The set is a stage within a stage. Red curtains flank a stark rock and tree — sparse and pathetic like a Charlie Brown tree — on a dull road. “There is no lack of void.” This is true of both the stage and the show. Waiting for Godot, written by Samuel Beckett, is a bizarre play in which nothing and everything happens. The plot goes in many circles from a nonsensical and hopeless beginning through many strange events and unexpected turns to an absurd but dismal end that in some ways leaves the audience wondering.
The story goes like this: Two miserable men, Didi and Gogo (played by Todd Jefferson Moore and Darragh Kennan respectively), find themselves waiting, endlessly, for someone named Godot. These two men try to pass the time in many ways, none of which seem to make time go any quicker. After a while, Pozzo (Chris Ensweiler), a proud and ridiculous merchant, arrives along with his exhausted and mistreated slave, Lucky (Jim Hamerlinck), who does Pozzo’s every bidding.

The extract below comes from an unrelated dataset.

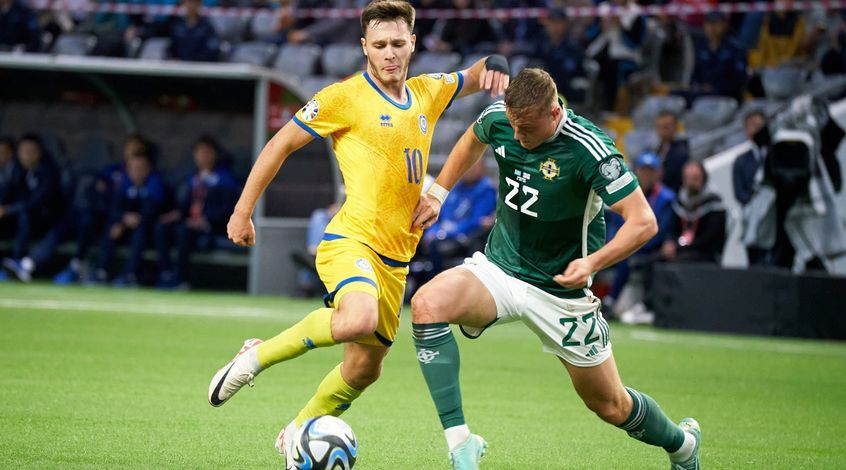 футбольный матч фото. казахстан северная ирландия. казахстан северная ирландия. футбол казахстан ирландия. ирландия и северная ирландия.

A ton of crazy things happen, and Pozzo and Lucky leave. Soon a boy (Alex Silva) comes to tell Didi and Gogo that Godot cannot come today, but will surely come tomorrow.
In the next half of the play, no one is sure of anything that happened before and everything seems to have changed. Pozzo and Lucky show up again, but this time Pozzo is blind and Lucky is mute. They too cannot recall the past. Soon they exit and the boy appears. He gives the same message he gave before. Didi and Godo consider what to do, then decide to keep on waiting — and to bring a rope to hang themselves the next day in case Godot doesn’t come.

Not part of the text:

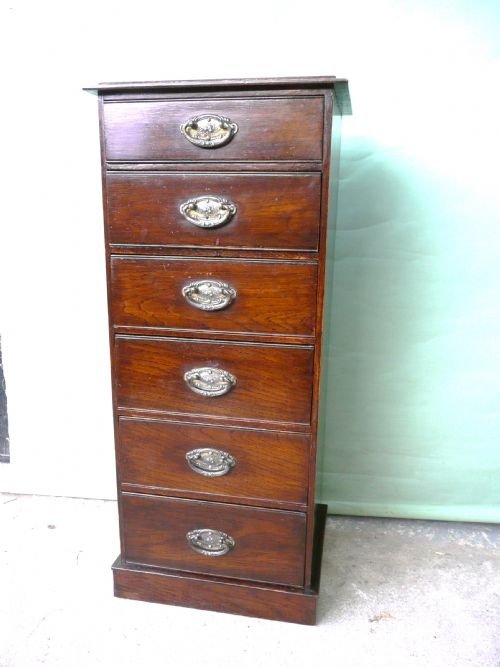 Oak Chest of 6 Drawers   C 1920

During the whole production, but especially at the end there is an emphasis on time — how it can pass painfully slow or extremely quickly, how each day looks much like another, and how in one moment hope can appear or disappear. Also, many of the characters think about their lives — what they have to show for their days, what their purpose is, what can be done about the way life is, and what meaning and sense there is in life. This offers the audience the chance to reflect on their lives and consider these questions, too.

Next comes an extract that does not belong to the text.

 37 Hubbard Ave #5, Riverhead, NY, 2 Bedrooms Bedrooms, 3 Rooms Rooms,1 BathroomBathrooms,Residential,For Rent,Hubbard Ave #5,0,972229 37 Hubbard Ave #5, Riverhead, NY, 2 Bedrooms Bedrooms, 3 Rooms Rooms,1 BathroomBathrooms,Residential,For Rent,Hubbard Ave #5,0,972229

Though I found this play confusing and somewhat dull and depressing, the acting is excellent. All the actors thoughtfully portray their characters and express the style well. The theater — ACT’s Falls Theatre — is an excellent venue where every seat is a good seat, and the sound system is great. I could hear every word the actors spoke.
Waiting for Godot is a unique, radical, thought-provoking production. If you prefer more traditional shows that make sense, have a clear plot, and are logical, Waiting for Godot is probably not for you. But if you are someone who loves different, unconventional, and innovative art, you would truly enjoy this avant-garde play. And remember to expect the unexpected!